Saturday, July 29, 2017

Ghana 2017 - Day 12. Further gastronomic adventures

I was not going to let crappy internet slow me down, so early in the morning I went to the International House and made the internet buzz. My crazy friend Bob wants to write a paper on “agrogeology”, and has tasked me with discussing, preferably in three pages or less, how hydrogeology relates the agriculture. Given that I teach a whole year sequence about water supply the task appeared impossible. So I figured I would talk about the ideas that roll in my head when I see countries like Morocco or Mexico struggling to provide enough water for agriculture, and then take a warp-drive leap into the cutting edge of technology used for water management in a place like California, where there are very large numbers of users tapping into the same groundwater basin.

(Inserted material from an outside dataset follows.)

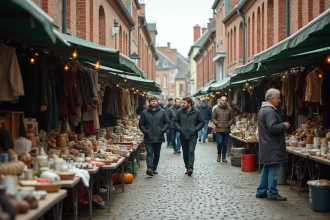 Braderie de rue animée dans une ville du Nord avec des étals de vêtements d'occasion et de bibelots vintage sur pavés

As far as “basic” water harvesting schemes, I cast my mind back to a trip I made more than 15 years ago to the Valley of Tehuacán, in Mexico, where the domesticators of corn built the El Purrón Dam (coordinates 18.176844, -97.117449 in Google Earth). The dam  was completed by the Middle to Late Formative (ca. 650 - 150 B.C.), and was built using an ancient system of caissons, where separate “cells” formed by walls of stacked stones were filled in with soil. El Purrón Dam measured 400 meters long, 100 meters wide, and nearly 25 meters high. Workers transported by hand some 2.64 million cubic meters of earth to build it! Just as impressive are the hundreds of kilometers of canals and aqueducts (locally called tecoatls) that conveyed water from the dam and nearby springs to more than 330 square kilometers of cropland. All this happened over 2,500 years ago!

The other approach I observed in Morocco 3 or 4 years ago, through the use of qanats or puquios. The invention of this method is credited to Iranian farmers, but it soon spread through the Islamic world, including Morocco and Al Andaluz in southern Spain, and from there it was brought by the Spanish explorers into Latin America, where some still remain in use (e.g., Aguascalientes in Mexico). A qanat is a long gallery that extends from the upper portions of alluvial fans, where the water table typically has a steep slope, down to the distal portion of the alluvial fan and even down to the floor of the adjacent plains. The first step in building a qanat is for Farmer A to sink a hole in the upper portion of the alluvial fan until groundwater is found. A second hole is then excavated by Farmer B, about 20 m down the slope from the well of Farmer A, to the same depth as that of the water bearing hole. Once the final depth is reached Farmer B excavates a nearly horizontal tunnel to join one well to the other until eventually the same groundwater is reached and water flows into the channel. Now two farmers have wells with water in them. Farmer C then repeats the operation, about 20 m downgradient of Farmer B’s well. One by one downslope farmers “connect” into the ever growing underground “pipeline” until eventually 50 to 100 farmers have local access to water.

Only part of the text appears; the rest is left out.